The fact is that real estate has not changed for a number of key reasons:

  • First and foremost it has not changed because the industry does not want to change and the industry is dominated by 5 major companies that account for close on 80% of all transactions. I would go further by saying that the industry has avoided change and in many ways stifled innovation.
  • Property transactions are in the main a highly infrequent event for the majority of the people. For most property owners each such events leaves them with a sense of “having to start all over again” as all the people involve last time have moved on and the location has changed - real estate is a local business and does not represent itself the same in any two offices as agents play to the ‘personal brand’ service rather than a company brand model.
  • Property selling and buying is highly emotive and has a high perceived risk. For this reason there is a low tolerance to ‘try something new’ - the safest bet is to do what everyone else does and sell the same way everyone else sells.
  • Commission fees regardless of how big they are, never appear on your bank statement or have to be paid for in the form of a cheque or cash. They appear as a line item on a lawyers statement of transaction. A statement that often these days has 7 figure amounts on the debit and credit side (including a 5 figure agents commission) but at the bottom only requires you to pay a cheque for c.$1,500.

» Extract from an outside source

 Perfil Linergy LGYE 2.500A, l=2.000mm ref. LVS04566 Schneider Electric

  • Irrespective of the market conditions the commission fee can be easily rationalised away. When the property market is on fire and property is selling like the proverbial ‘hot cakes’, the logical side of your brain says “I should try selling privately, an ad on Trade Me and I’ll have people queuing up at my door to buy”, but yet you fall back on the logic of  saying “I’m so excited that my house has risen by $100,00 $300,000 or $500,000 since I bought it I don’t mind paying $20,000 to sell it”.
    Conversely when the market is dead and property takes ages to sell the logical and emotional side of the brain conspire to say “This market is way too scary for me to take a risk of selling other than through a traditional agent - I need to sell and to get the place sold will be well worth the commission”.

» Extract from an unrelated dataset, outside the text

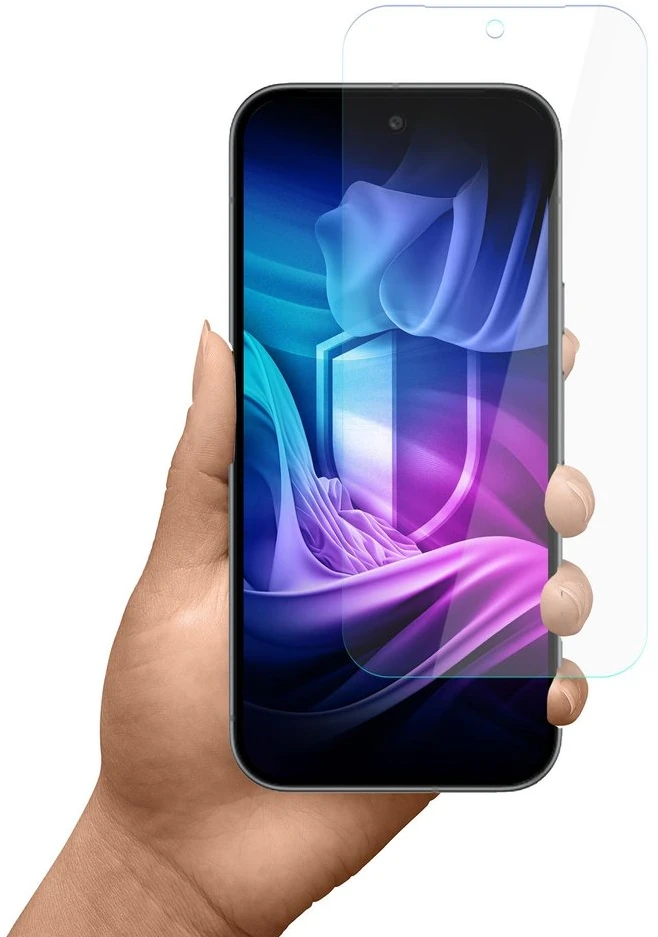 3Mk apsauga „Google Pixel 11 Pro“ – 3mk šilkinis matinis „Pro“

New Zealand real estate is in many ways not that different to many other countries in the way the industry is structured and operates. There is some degree of innovation overseas along the lines identified earlier, however we have yet to see a radical restructuring of the industry and a reinventing of the processes and charging. 

In my view there has to be a better way. There has to be a means by which greater efficiency can be brought to the process and with it greater transparency and naturally a lower cost. We cannot though sacrifice the service component nor the security of legal and principle disclosures and sureties so as to safeguard buyers and sellers in this most critical transaction.